Comparison of 15 different stents in superficial femoral arteries by high resolution MRI ex vivo and in vivo

PURPOSE: To evaluate the MRI compatibility of 15 different commercially available, new generation, U.S. Food and Drug Administration (FDA)-approved stents suitable for deployment in superficial femoral arteries (SFAs), and to identify the ones that permit MRI to visualize the wall and lumen of stented arteries with sufficient spatial and contrast resolution to quantify restenosis after stent placement.

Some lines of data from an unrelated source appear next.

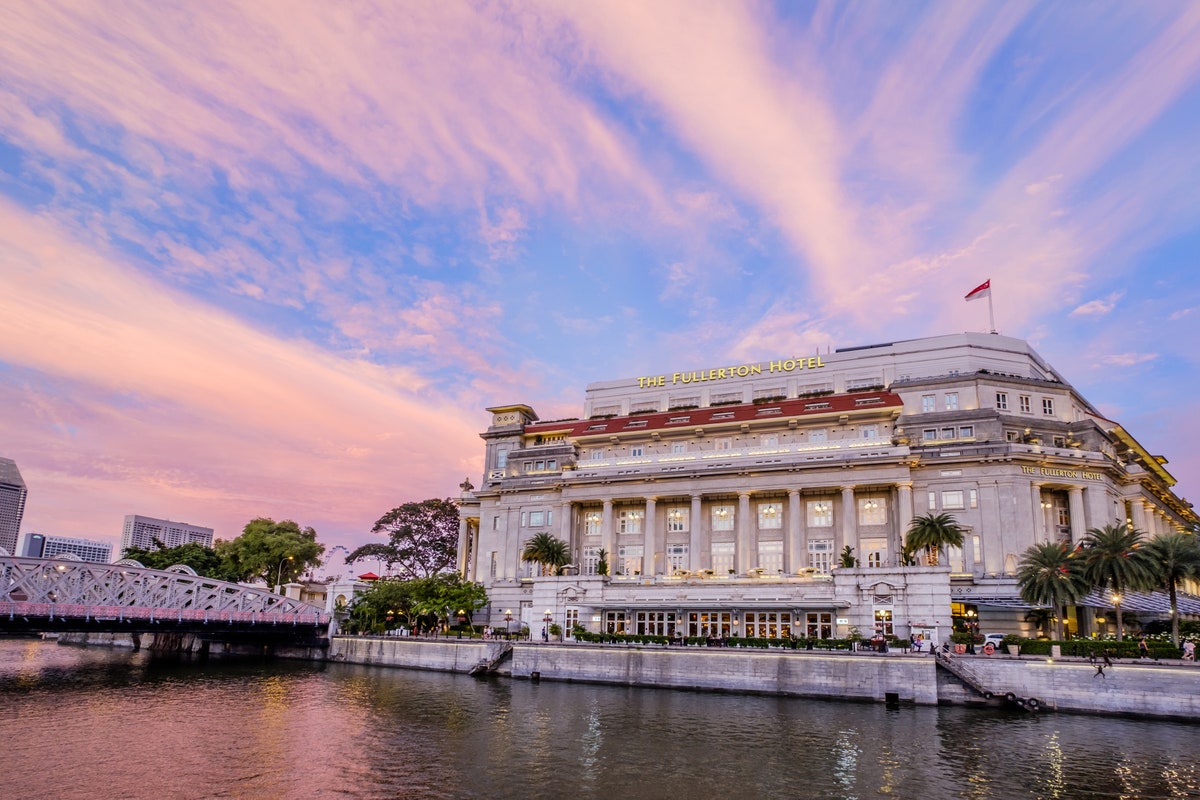 https://mdw-travel-data-us-east-1.s3.amazonaws.com/img/country/Singapore/The-Fullerton-Hotel-Singapore/img_01.jpg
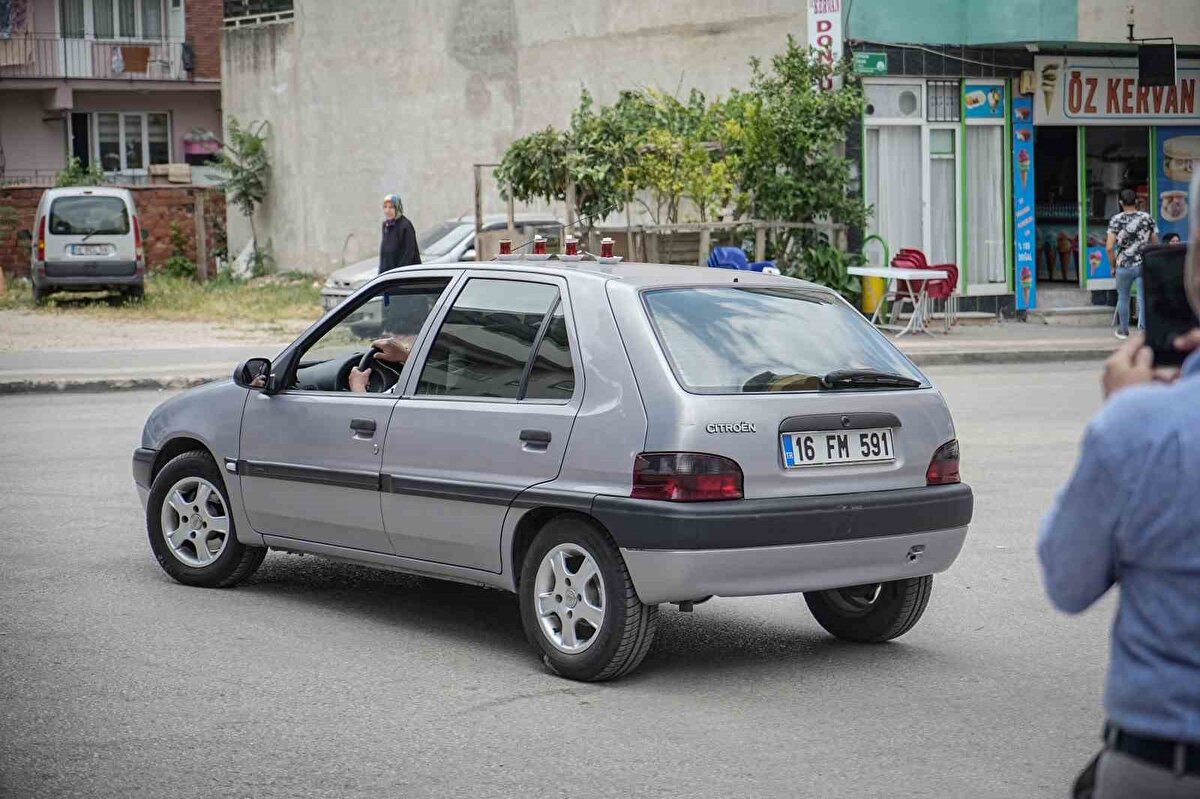 Bazen komşuların çaylarını da alıyorum araçla dağıtıyorum. Arabayı bırakıp gitmektense böyle daha pratik oluyor. Bugüne kadar hiç dökmedim. Sosyal medyaya da düşünce herkes aramaya başladı. Benim haberim yoktu, dolayısıyla şaşırdım. Herkes şöhret olduğumu söylüyor, benim şöhret olmakla bir işim yok" şeklinde konuştu.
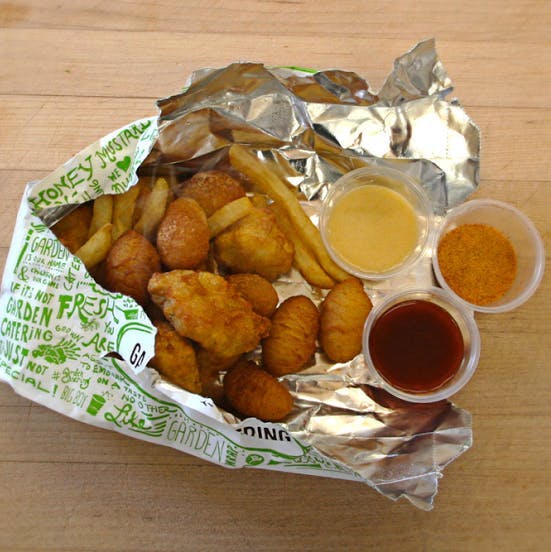 "World Famous Special" Vegetarian - Large Pack (Serves 4-6) by Garden Catering - Alternate image 1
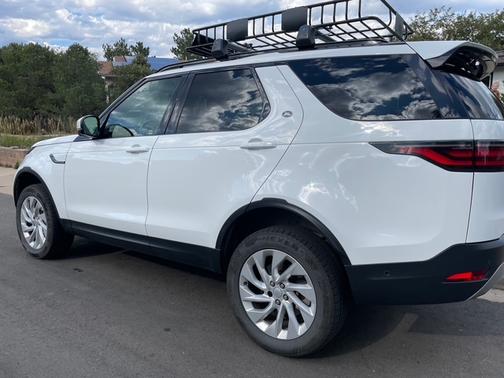 2021 Land Rover Discovery P300 S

MATERIALS AND METHODS: A total of 13 nitinol stents and two stainless-steel stents were placed in excised cadaveric SFAs and imaged by MRI at 1.5 T ex vivo. The images were evaluated qualitatively for the presence of artifacts and for the effects of the stent on image contrast, and quantitatively for the effect on signal-to-noise ratio (SNR) of the lumen of the artery inside the stent compared to the SNR of the fluid outside the artery. A nitinol stent was placed in the SFA of a 60-year-old man and imaged at 1.5 T in vivo. RESULTS: Both the vessel wall and the lumen could be visualized in cadaveric SFAs containing either the Absolute nitinol stent, the Dynalink nitinol stent, or the aSpire nitinol-covered stent. Their inside stent/outside stent SNR was 0.7, 0.8, and 0.8, respectively. The other 10 nitinol stents tested obscured the lumen but did not cause major image shape artifacts. Both stainless-steel stents tested, the WallGraft and WallStent, completely obscured the lumen and caused significant distortion of the image shapes. When the Dynalink stent was inserted into a highly stenosed SFA in vivo, the image showed a dark expanded eccentric lumen, circumscribed by a medium intensity band containing the stent. CONCLUSION: MRI can be used to visualize both the lumen and wall of SFAs containing selected nitinol stents ex vivo and in vivo. These results suggest that MRI can be used to monitor restenosis in stents placed in the femoral arterial bed.